• [MATERIAL TO PROCESS]:
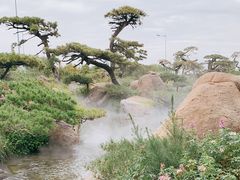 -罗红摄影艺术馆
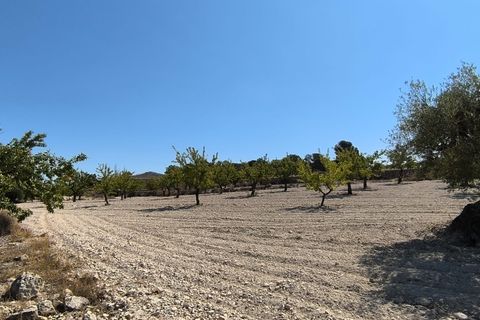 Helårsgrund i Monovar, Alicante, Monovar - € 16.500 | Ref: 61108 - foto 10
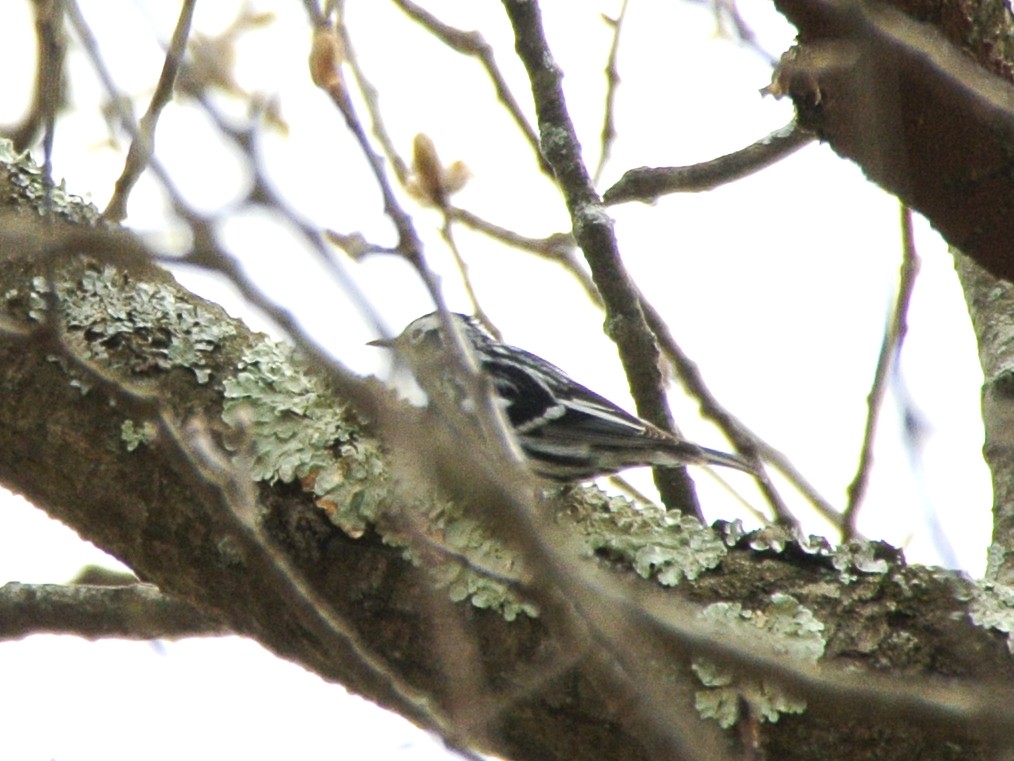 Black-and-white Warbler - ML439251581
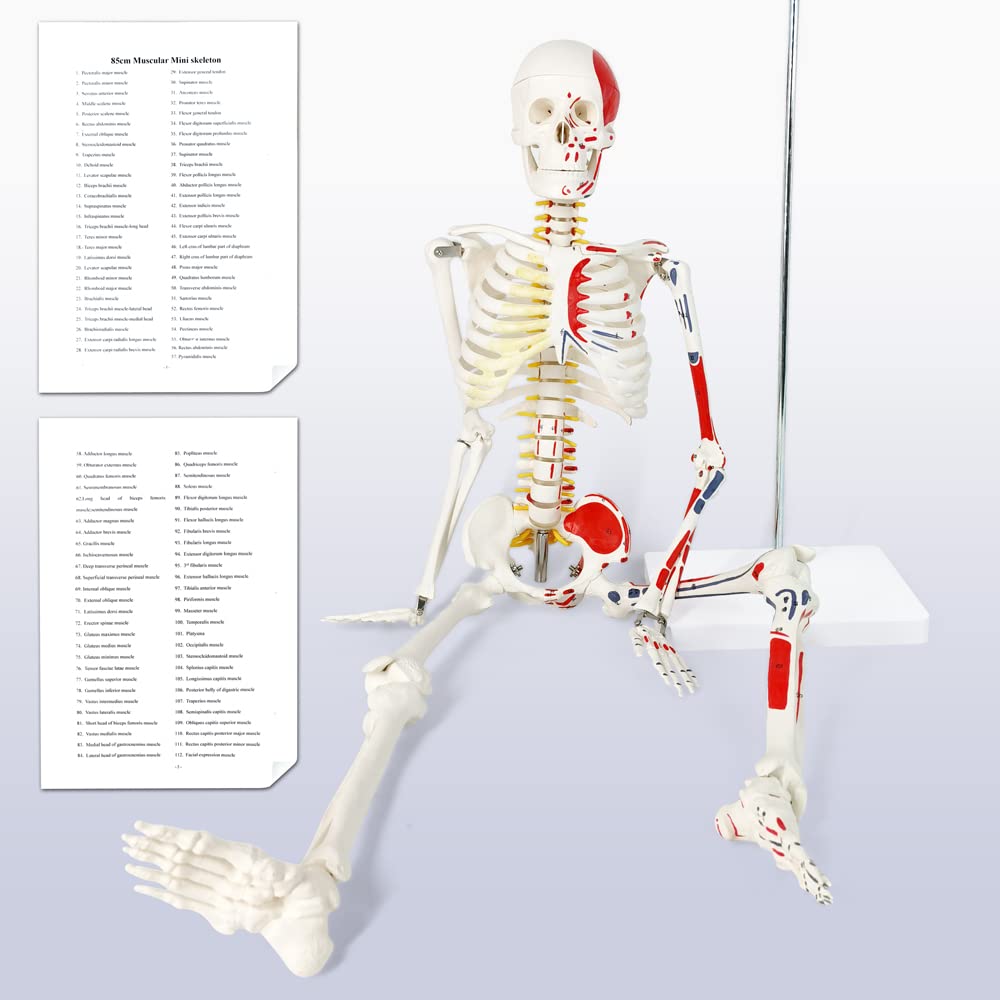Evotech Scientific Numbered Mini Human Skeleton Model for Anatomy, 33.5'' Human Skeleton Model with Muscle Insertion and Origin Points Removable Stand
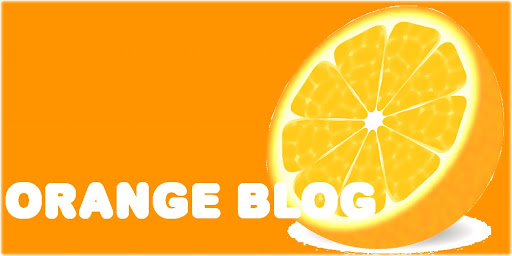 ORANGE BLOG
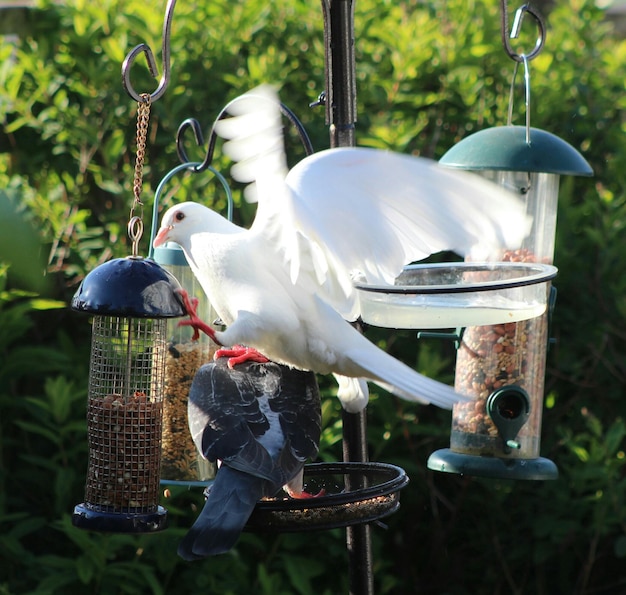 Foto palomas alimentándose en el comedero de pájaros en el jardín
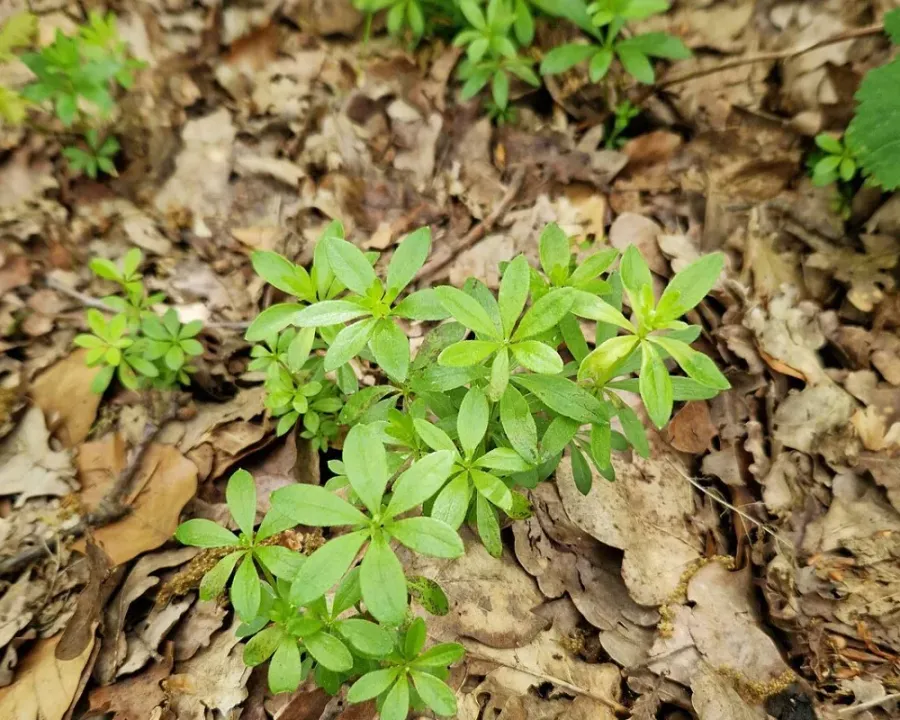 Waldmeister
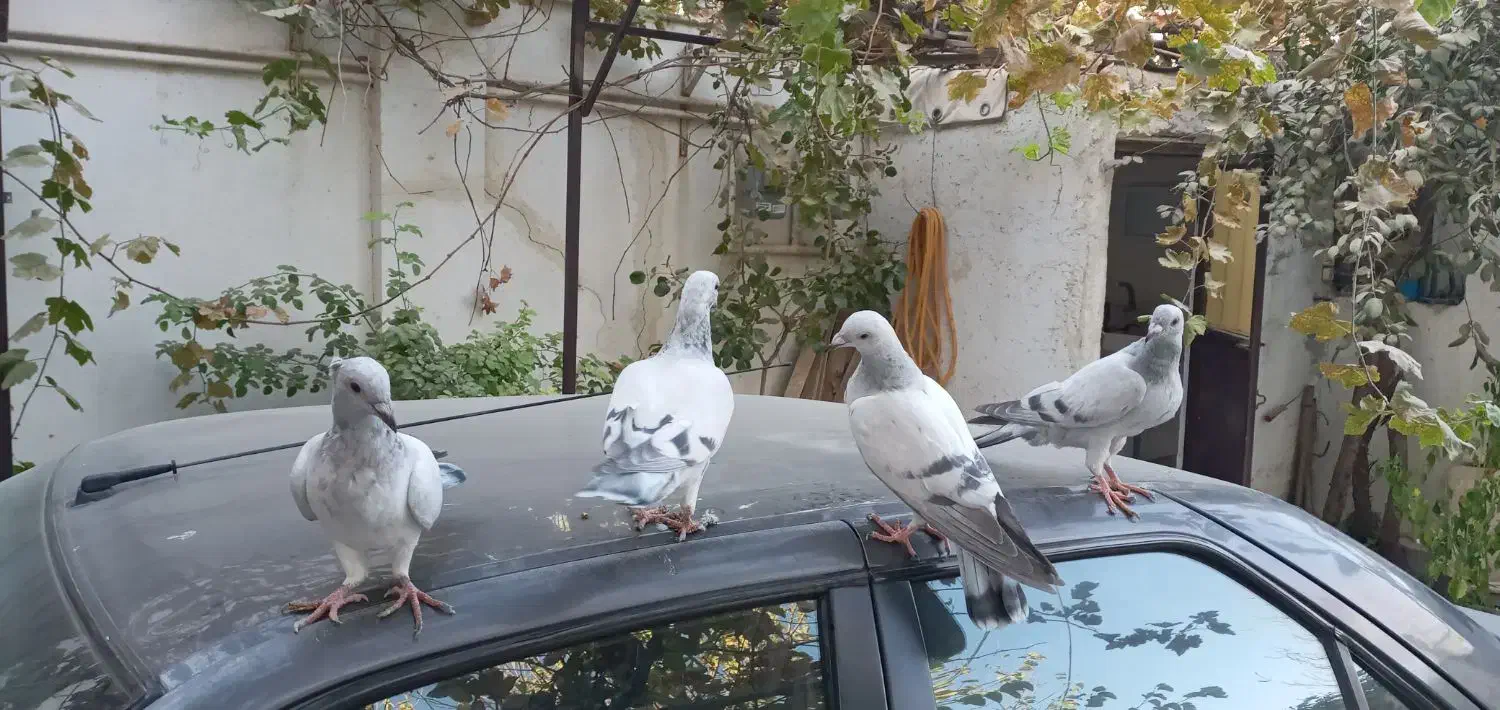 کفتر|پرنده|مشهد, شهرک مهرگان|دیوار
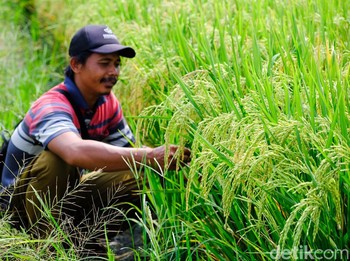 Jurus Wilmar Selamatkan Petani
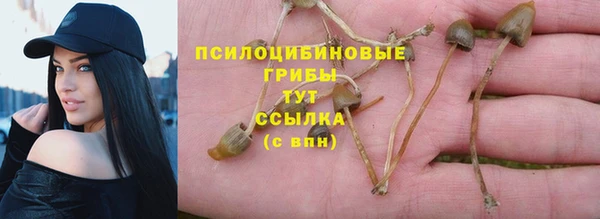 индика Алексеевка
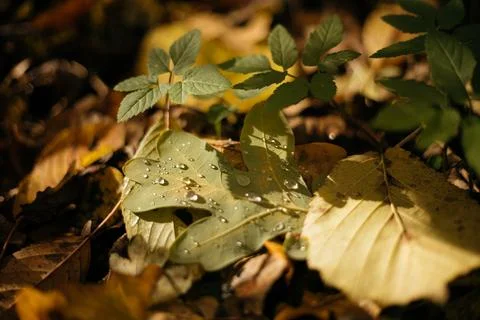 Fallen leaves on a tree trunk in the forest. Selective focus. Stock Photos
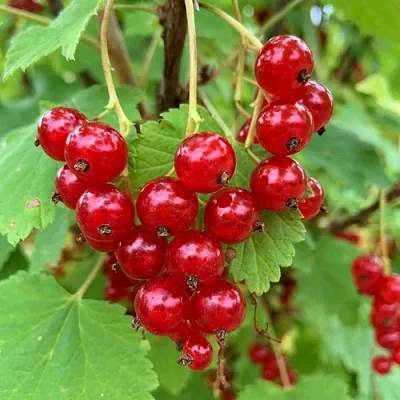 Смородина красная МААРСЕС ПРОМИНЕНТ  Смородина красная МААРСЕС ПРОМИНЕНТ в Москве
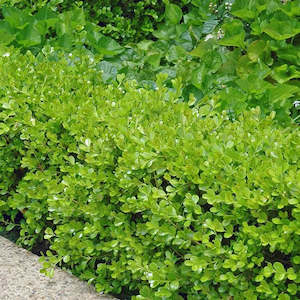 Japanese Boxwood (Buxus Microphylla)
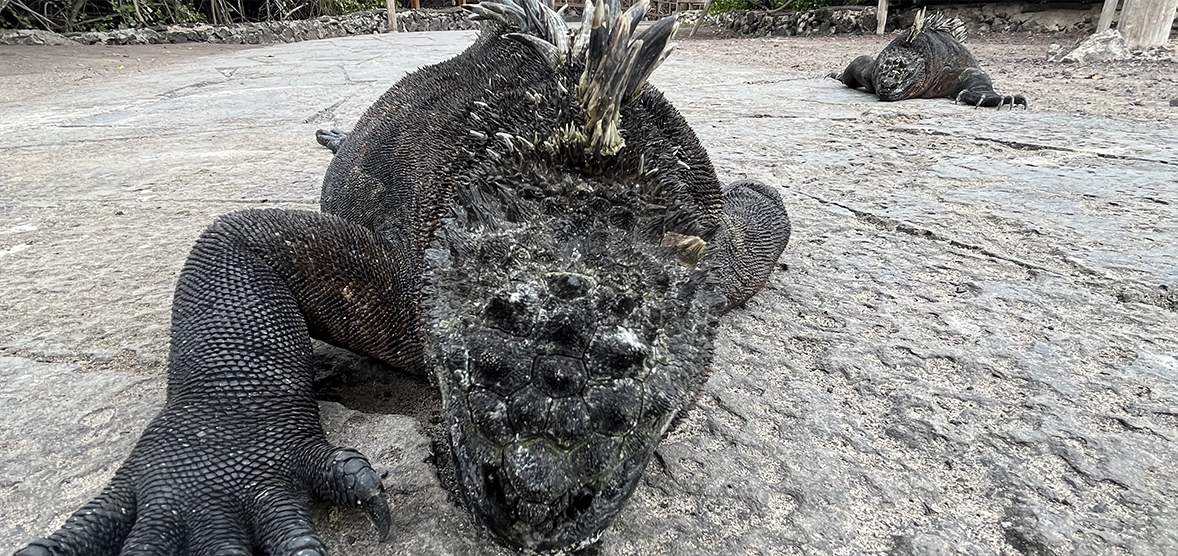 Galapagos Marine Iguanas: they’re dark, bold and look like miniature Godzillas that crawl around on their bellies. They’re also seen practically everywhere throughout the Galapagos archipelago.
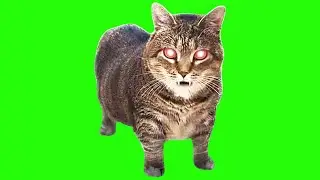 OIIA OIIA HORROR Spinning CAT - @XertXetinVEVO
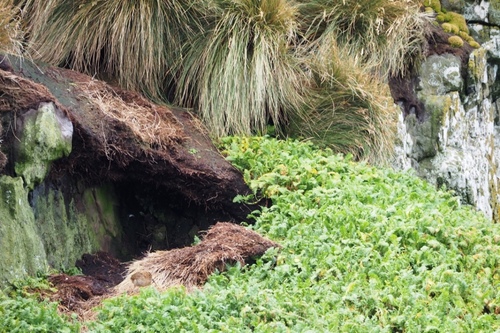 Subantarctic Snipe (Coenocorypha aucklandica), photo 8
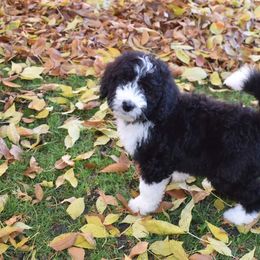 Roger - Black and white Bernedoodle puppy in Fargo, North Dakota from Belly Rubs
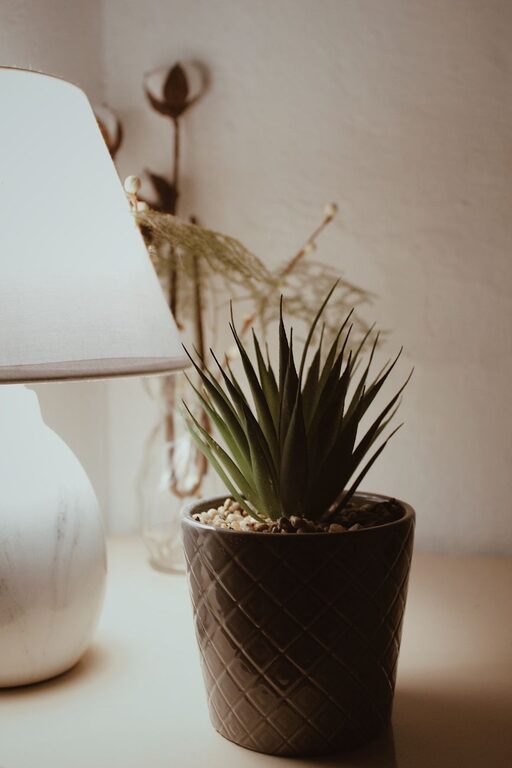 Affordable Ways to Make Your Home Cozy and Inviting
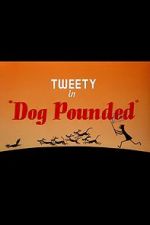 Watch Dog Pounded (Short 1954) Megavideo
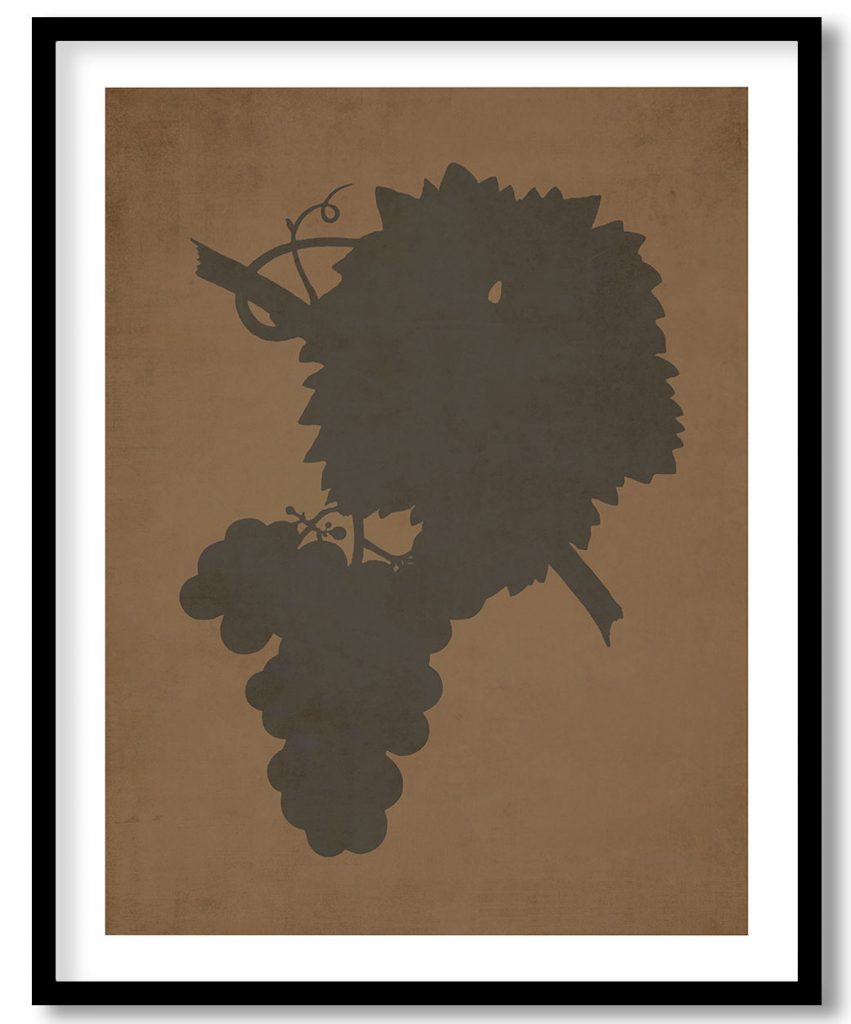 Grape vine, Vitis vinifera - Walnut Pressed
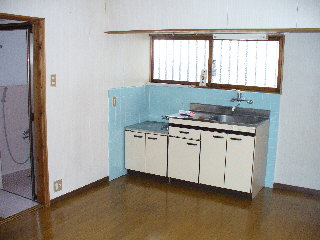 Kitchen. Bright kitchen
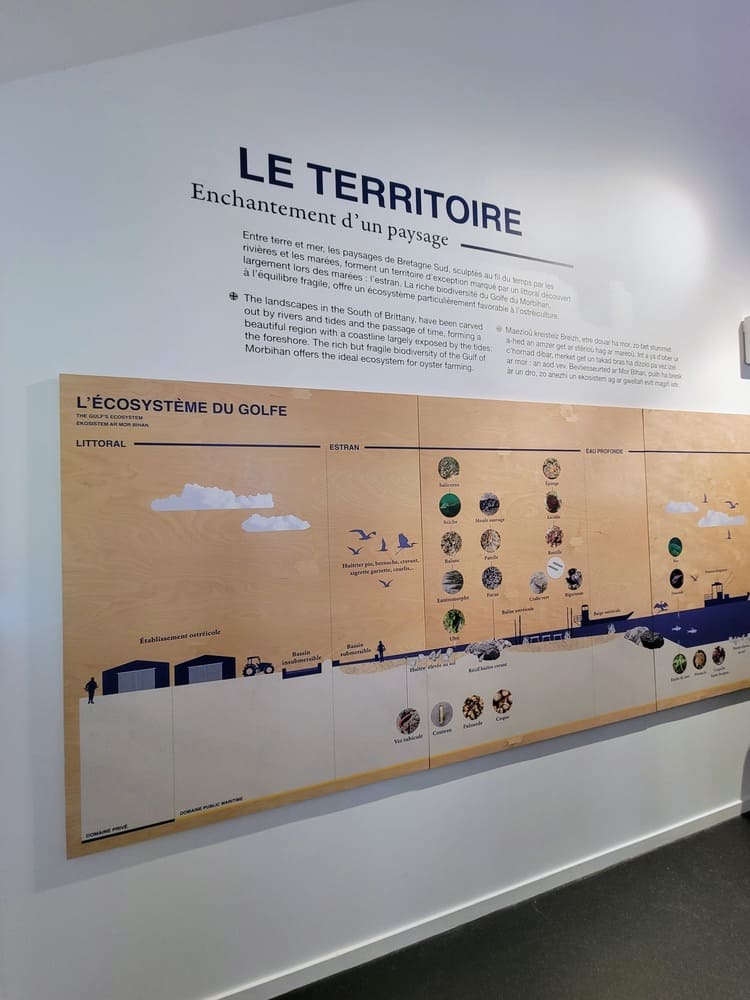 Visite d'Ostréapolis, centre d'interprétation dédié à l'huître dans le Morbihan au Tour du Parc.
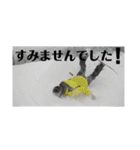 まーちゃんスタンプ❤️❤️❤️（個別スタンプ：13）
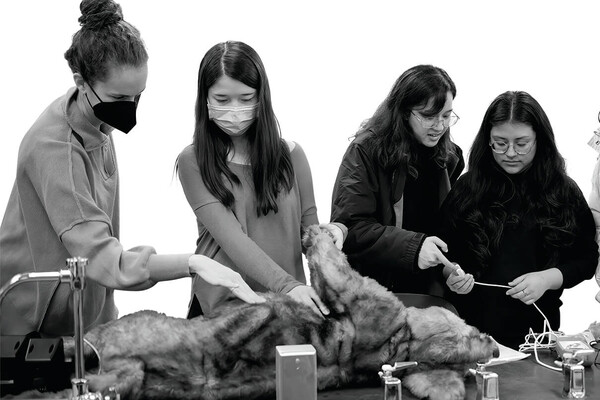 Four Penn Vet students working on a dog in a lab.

• [TASK DIRECTIONS]:
All lines after and including the one with "Roger - Black", through the end of the entries above, should be output exactly and by themselves. The pictures are to be left out.

• [RESPONSE AREA]:
 Roger - Black and white Bernedoodle puppy in Fargo, North Dakota from Belly Rubs
 Affordable Ways to Make Your Home Cozy and Inviting
 Watch Dog Pounded (Short 1954) Megavideo
 Grape vine, Vitis vinifera - Walnut Pressed
 Kitchen. Bright kitchen
 Visite d'Ostréapolis, centre d'interprétation dédié à l'huître dans le Morbihan au Tour du Parc.
 まーちゃんスタンプ❤️❤️❤️（個別スタンプ：13）
 Four Penn Vet students working on a dog in a lab.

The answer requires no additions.